• **Assigned task**
Pictures should be excluded; otherwise, copy every entry exactly.

───── Material for this task ─────

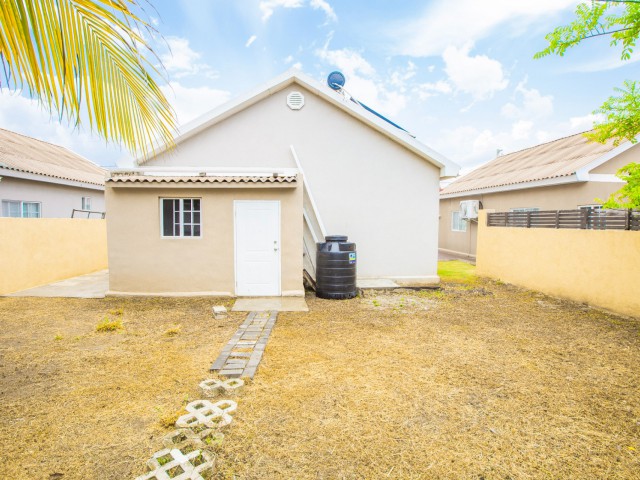 House For Rent in Caymanas Estate, St. Catherine Jamaica | [11]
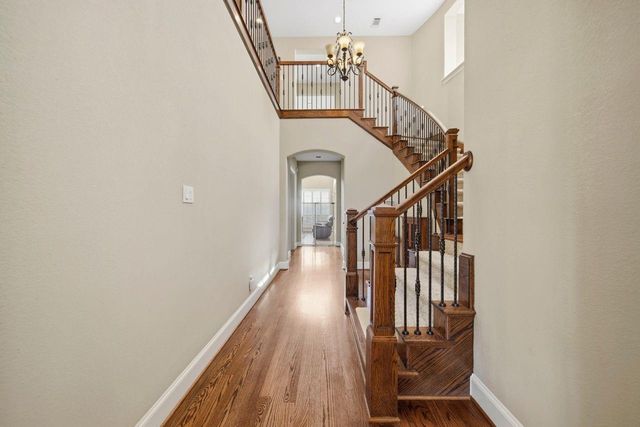 7415 Dresden Avenue, Sugar Land, TX 77479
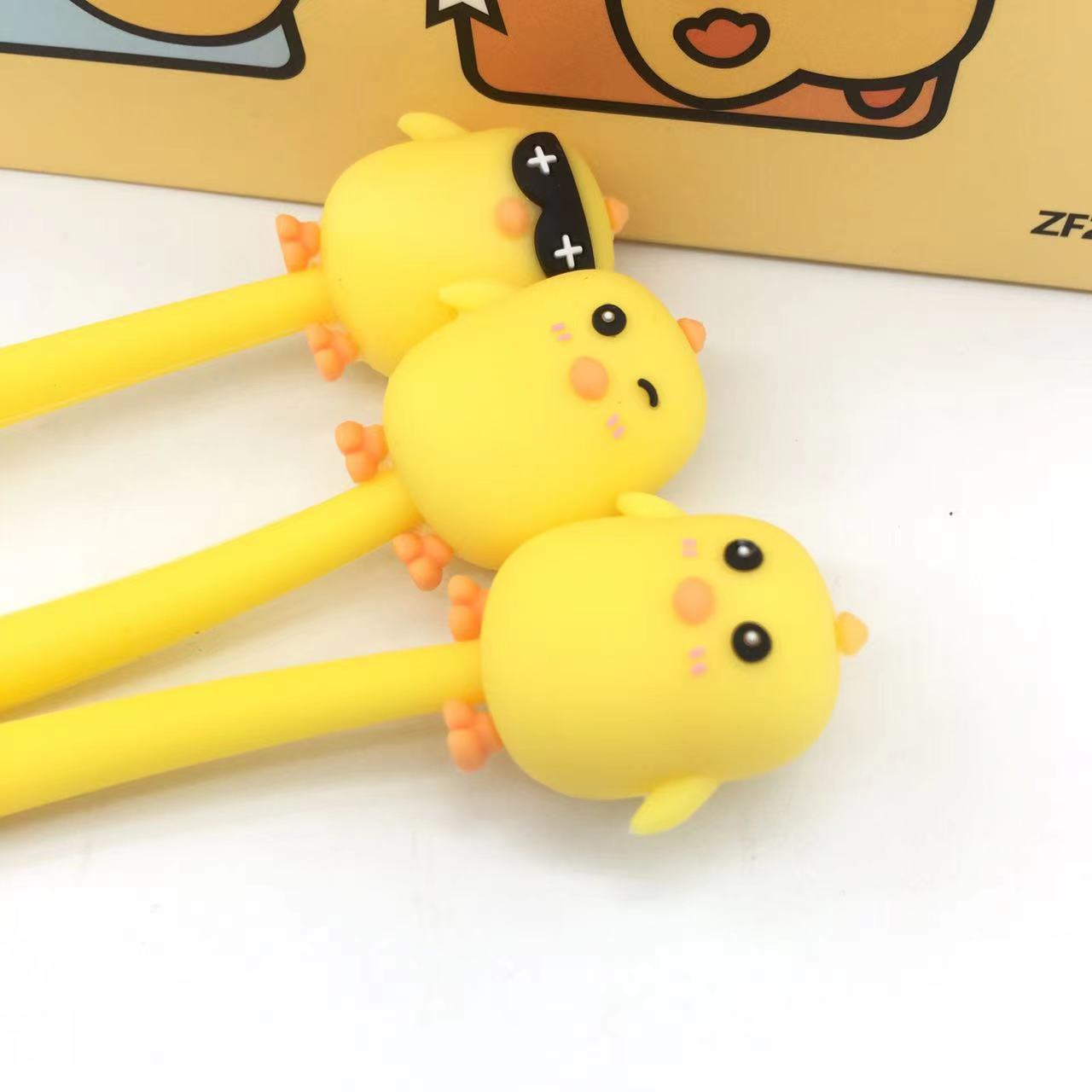Corea papelería silicona Linda pluma de gel de pollo música de dibujos animados pequeño pollo columpio pluma pequeño pollo amarillo pluma de agua lote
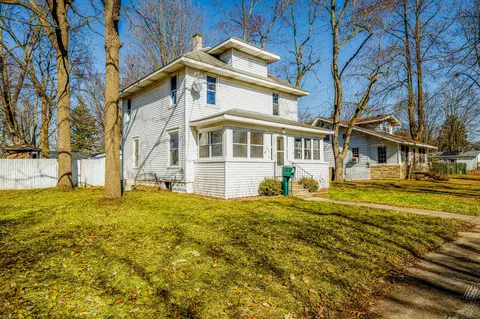 203 Bradley St, Dowagiac, MI 49047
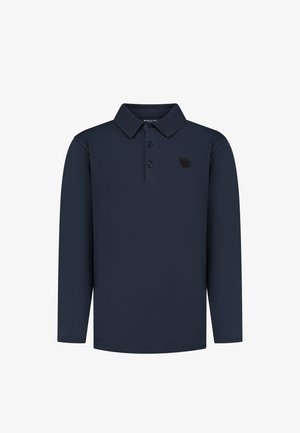 Polo de manga larga azul marino con cuello, tres botones y logo bordado en negro en el pecho izquierdo.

─────

• **Exercise output**
 House For Rent in Caymanas Estate, St. Catherine Jamaica | [11]
 7415 Dresden Avenue, Sugar Land, TX 77479
Corea papelería silicona Linda pluma de gel de pollo música de dibujos animados pequeño pollo columpio pluma pequeño pollo amarillo pluma de agua lote
 203 Bradley St, Dowagiac, MI 49047
 Polo de manga larga azul marino con cuello, tres botones y logo bordado en negro en el pecho izquierdo.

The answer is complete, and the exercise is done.